Dunque, io che sono abilitato a seguito di regolare esame di Stato all’insegnamento di materie giuridiche ed economiche (compresa la statistica) e che ho insegnato marketing in corsi aziendali, in corsi di perfezionamento e in più di una Università, non per questo sono in grado di valutare la conoscenza dell’inglese da parte di chicchessia. E infatti non lo sono.
Lo sarei solo se fossi linguista.
E forse, se disponessi anche della cadenza propria della periferia della Toscana, simpatica, bella e forse anche colta Regione, ammalata però di “toscanite acuta”, tara ereditaria che affligge troppi toscani (la quasi totalità) e che appartiene alla numerosa famiglia dell’autoreferenzialità, patologia tipica dei docenti universitari e dei politici, non senza invasioni in settori diversi, segnatamente nell’imprenditoria e nella managerialità italiche.
Dicevo: insegnante di linguistica e d’accento toscano, cose che appartengono alla Ministra e ad un ristrettissimo numero di eletti, e che, per quel poco che ne so, la Ministra conserva orgogliosamente anche quando si esibisce nell’inglese.
Che ovviamente intride della propria straripante personalità.

La nuova definizione di linguistica consentirebbe, naturalmente, conclusioni ulteriori, quelle dalle quali un qualsiasi politico italiano è solito astenersi, poiché il solo trarre conclusioni logiche sarebbe negazione della politica. Un politico non può, non deve, servirsi della logica che, come ognun sa, alla Politica ed alle politiche è estranea. Almeno, fino alla formulazione di enunciazioni condivise e dunque accettate dalla maggioranza dei votanti alle consultazioni di riferimento. E non è detto che logica e accettazione e condivisione abbiano legami nella e con la Politica.
Se la linguistica è quella adombrata dalla Ministra, a che serve predisporre insegnamenti e cattedre dedicati ad ogni specifica lingua (con impegno non trascurabile di risorse finanziarie e umane) quando basterebbe sostenere e superare l’esame di linguistica per discettare su e con ciascuna e su e con tutte?
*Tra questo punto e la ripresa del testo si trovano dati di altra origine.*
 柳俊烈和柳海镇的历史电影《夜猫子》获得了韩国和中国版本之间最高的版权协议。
Laggiù, lontano lontano, ai bordi dell’orizzonte, si delinea la cancellazione degli insegnamenti di tutte le lingue, con un notevole risparmio di tempo e di danaro. E si noti bene: di tutte le lingue in assoluto, e dunque anche della lingua italiana.
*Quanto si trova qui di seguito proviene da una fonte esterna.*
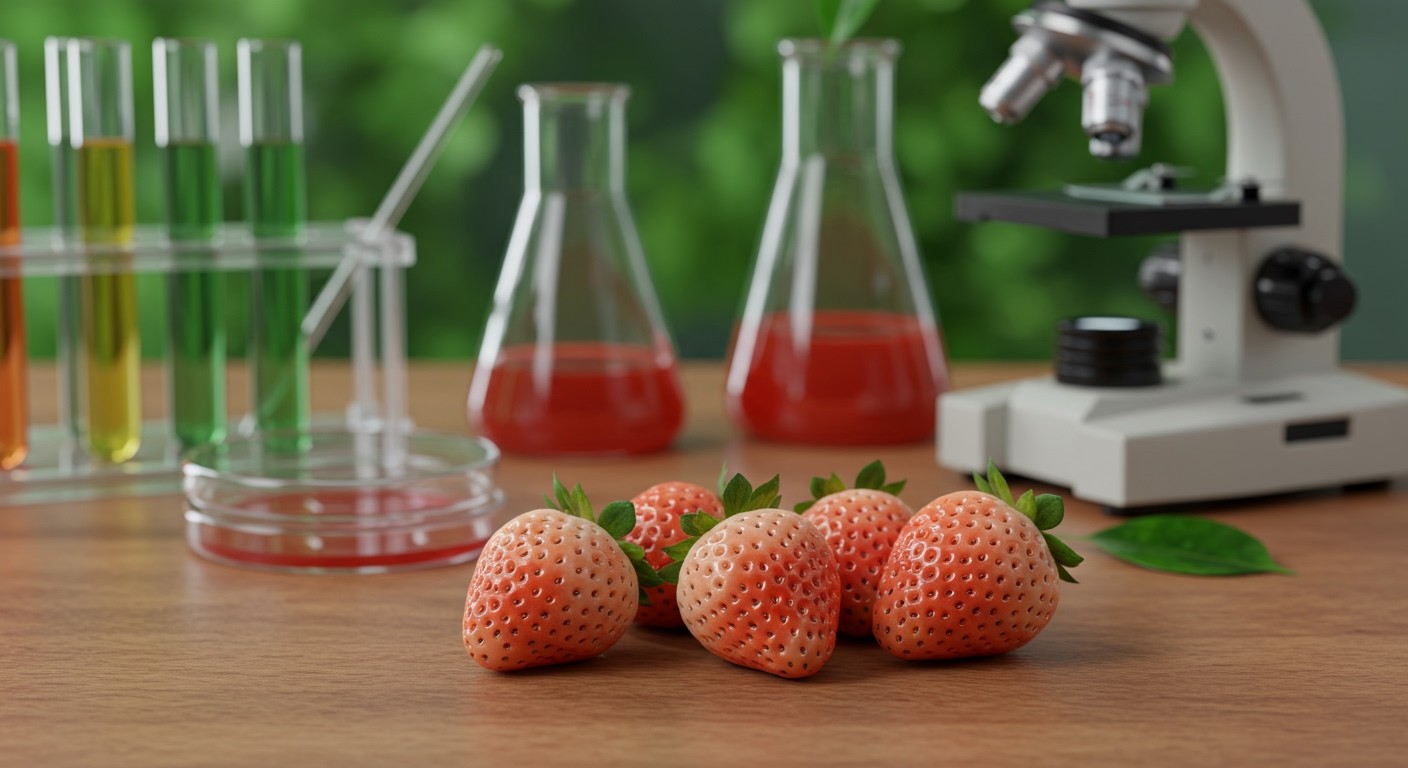 A fehér eper antioxidánsai segíthetnek a betegségek megelőzésében.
Ma pensate al risparmio che si potrebbe realizzare?
In una futura università che formi insegnanti di lingua, basterebbero i corsi di linguistica per essere in grado di insegnare lingue morte e lingue vive e di valutarne la conoscenza da parte di docenti e discenti; i corsi potrebbero essere di linguistica generale con eventuali specializzazioni in tutte le lingue e i dialetti parlati al mondo a seconda della richiesta e delle opportunità. Con, in più, il vantaggio di una materia – la linguistica, appunto – che sarebbe approfondita costantemente nel corso di tutti gli anni di studio. E, volendo, oltre.
Con un vantaggio ulteriore: la linguistica diverrebbe il collante tra i diversi paesi e le diverse regioni del mondo.
E un mondo linguista non può che essere unito.

Una cosa – per la verità, con qualche altra di scarsa importanza – mi stupisce: che la Ministra, pronta come è sempre stata a cogliere ogni opportunità, nel corso della sua intensa azione di rinnovamento della scuola non abbia speso una sola parola in favore dell’insegnamento della linguistica fin dalle primarie. Ma forse lo ha ritenuto ovvio. O forse, si riserva di farlo in futuro.

E ancora un vantaggio, al quale è bene fare un cenno: l’aver superato gli esami di linguistica ai diversi livelli renderebbe immediatamente abilitante il titolo conseguito alla fine degli studi universitari. E dunque, ancora un risparmio. Anche perché le valutazioni conseguite nel corso degli studi riuscirebbero a tracciare una graduatoria di merito assolutamente affidabile, visto e considerato che i docenti universitari sono conoscitori e giudici estremamente corretti e le loro valutazioni assolutamente oggettive e specchio del merito.
Soprattutto se fosse correttamente valutata la cadenza toscana.